Over a year ago, I was contacted by a researcher/producer for ABC News.  She had found one of my blog entries (in which I was chastising ABC for not paying attention to the disasters in the west, especially on the reservations).  She told me they were working on a Diane Sawyer prime time special in her “A Hidden America” series.  The prior one had been on life in Appalachia.  This time they were planning to profile Pine Ridge Reservation.

Those of you who have been reading my blog will know that there is not much that fires up my hopefully righteous passion more than talking about life on Pine Ridge Reservation.  So talk we did, for almost an hour.  And we emailed – resources that they might find helpful.

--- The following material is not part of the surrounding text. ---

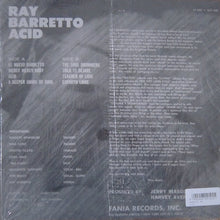Ray Barretto : Acid (LP, Album, RE)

I had heard that Diane Sawyer was out on the rez this past summer when I was there (no, we didn’t happen to cross paths traveling the approximately 2 million acres on the rez.  But I did here that she went up to KILI Radio one of the days I was there.  Try to keep that quiet when you’re talking to DJ’s.

I am giving you a link to the promo for the show.  Please, if you have ever enjoyed or been moved by anything I have written, I implore you to watch the 20/20 program on Friday at 10 PM.  See with your own eyes the good and the bad of Pine Ridge.  You may not find it possible but this place does exist.  I have been there and I suspect they will not tell you the worst story nor show you the poorest homes.  But it will still be worse than you expect.  After all, the living conditions on Pine Ridge rival those in Haiti and the life expectancy on Pine Ridge rivals that of Burundi.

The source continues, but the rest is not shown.